> _Problem to work on_: Reprint the lines below as they are, minus the pictures.

┌─ Data below

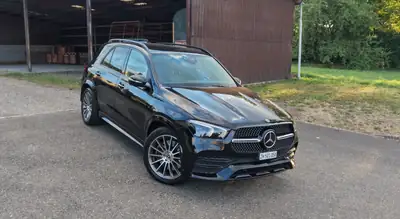 Mercedes-Benz GLE 450 4Matic AMG Line — SUV premium hybride avec 367 ch — côté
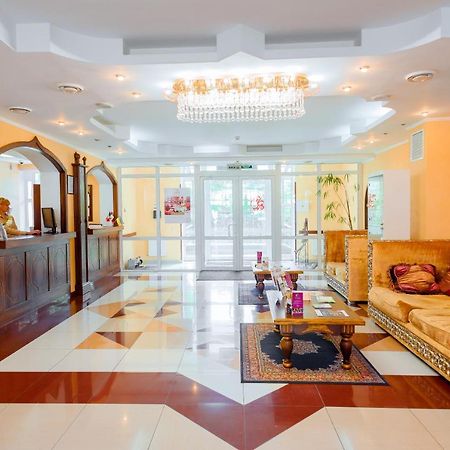 Premier Hotel Shafran Sumy Exterior photo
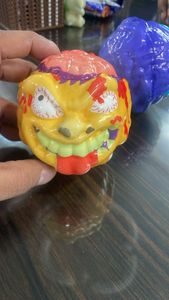 ลูกบอลยางบีบเล่น สนุกสุดมันส์ ยี่ห้อ S.S International Fun Monster  บรรเทาความเครียด เด้งดึ๋ง ทนทาน เก็บลมได้ดี ขนาด 5 ซม. ของชำร่วยงานปาร์ตี้สำหรับเด็ก - Product Image 2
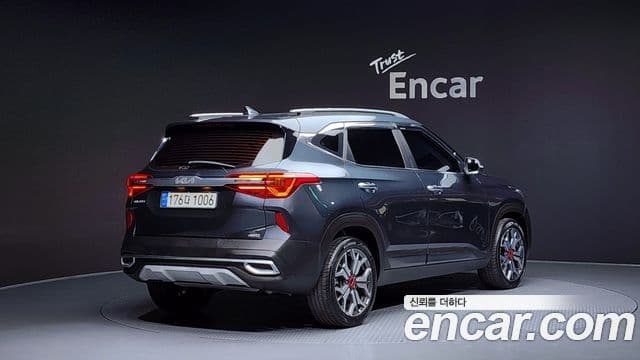 Kia Seltos Signature, 2023 2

└─

> _Solution to this problem_:
 Mercedes-Benz GLE 450 4Matic AMG Line — SUV premium hybride avec 367 ch — côté
 Premier Hotel Shafran Sumy Exterior photo
 ลูกบอลยางบีบเล่น สนุกสุดมันส์ ยี่ห้อ S.S International Fun Monster  บรรเทาความเครียด เด้งดึ๋ง ทนทาน เก็บลมได้ดี ขนาด 5 ซม. ของชำร่วยงานปาร์ตี้สำหรับเด็ก - Product Image 2
 Kia Seltos Signature, 2023 2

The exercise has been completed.